Are Colorado's Water-Quality Regulations Too Stringent for Uranium Miners? Powertech and Cotter Think So
In August, state mining regulators required the groundwater below the proposed Centennial Project uranium mine in northern Colorado be kept clean. Now, the Powertech Uranium Corporation, which hopes to extract the element from the area, is suing the state in U.S. District Court in Denver, claiming Colorado's rules are too stringent. The suit also alleges that several state legislators broke the law by attempting to control how mining officials implemented two 2008 anti-pollution and public transparency laws meant to protect the state's groundwater, writes the Fort Collins Coloradoan.

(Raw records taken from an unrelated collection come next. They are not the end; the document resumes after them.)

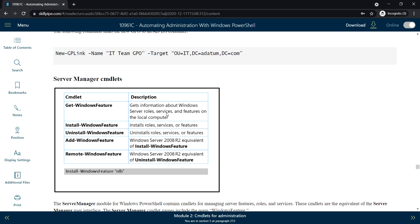Next, Server Manager Commandlets. To get information about Windows Server roles, services, and features on the local computer, use Get-WindowsFeature. To install any roles, services, or features, use Install-WindowsFeature. To uninstall any previously installed roles, services, or features, use Uninstall-WindowsFeature. To add a feature use Add-WindowsFeature, and Remove-WindowsFeature is the Windows Server 2008 equivalent of Uninstall-WindowsFeature.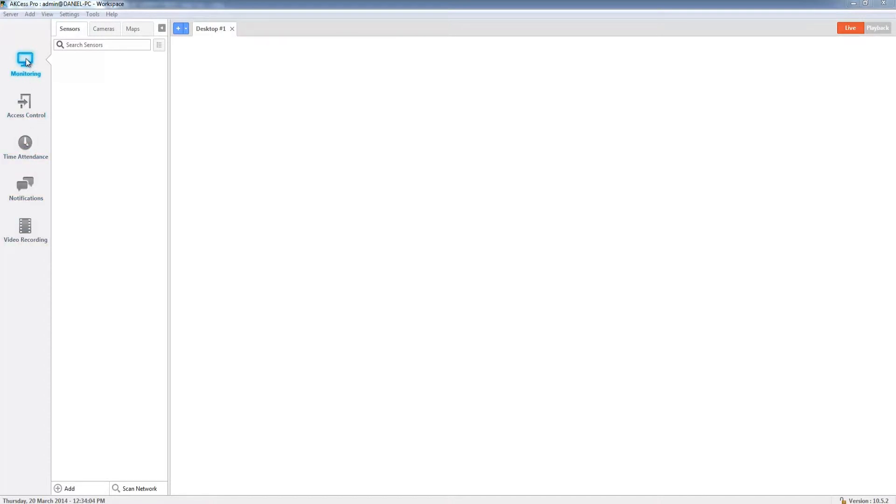I need to make sure that I have the monitoring option selected. Then in the next window, which is the server explorer window, I want to make sure I have the sensors tab selected because we're going to be adding a security probe device with sensors attached to it.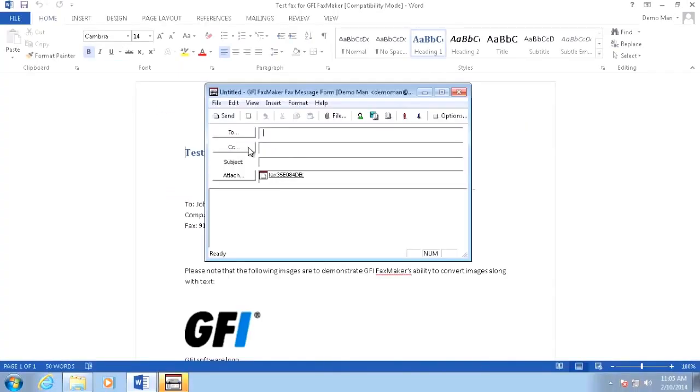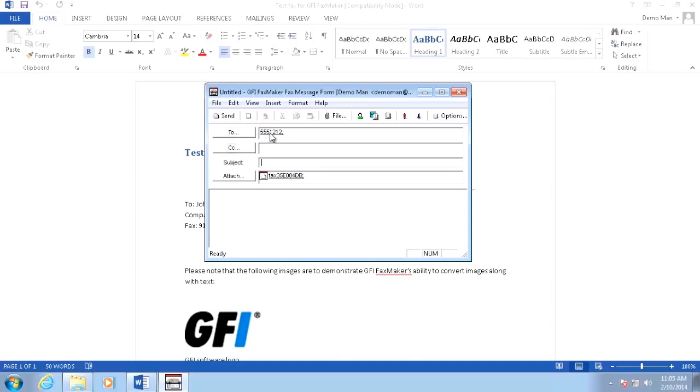Once this occurs, the GFI FaxMaker window for the client will open. Enter the fax number to which you want to send the fax to, along with the subject and the body of the information you want to include on the cover page.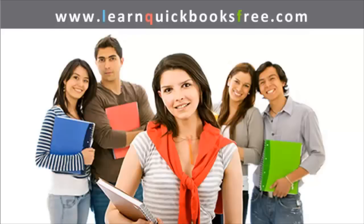Welcome to www.learnquickbooksfree.com. That's right, this is where you get to learn QuickBooks for free.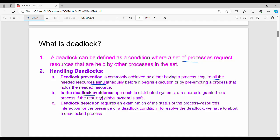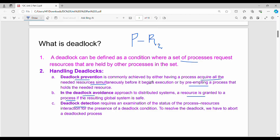For deadlock avoidance, a resource request is granted to a process only if the resulting global system state is safe. This is the Banker's algorithm. If granting resource R2 to process P keeps the overall system in a safe state, then it is granted. A safe state means no deadlock. For deadlock detection, at frequent intervals of time, processes and resources are analyzed by a deadlock detector to determine whether a deadlock exists. If a deadlock is found, the process is terminated.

Powertech is required to fully decontaminate—to the starting-point baseline—the water it uses in its proposed mine operation 15 miles northeast of Fort Collins, but the company says it is irrational for the state to ask such a thing. The cleanup of the groundwater is too expensive, according to the company, and would require the use of too much water from somewhere else.
This is the second suit against the state involving uranium miners in recent months. In September, the Cotter Corporation sued the state mining board over cleanup orders at the Schwartzwalder Mine, which drains into Denver Water supplies on Ralston Creek near Golden, reports The Denver Post. Jeff Parsons, a lawyer for the Western Mining Action Project, who represented community groups that backed the new rules, says the "uranium mining industry in Colorado is wrong to keep fighting water-quality protections and better public involvement." The mining industry, however, says exploration for the chemical is in high demand as the nation seeks fuel for nuclear power plants.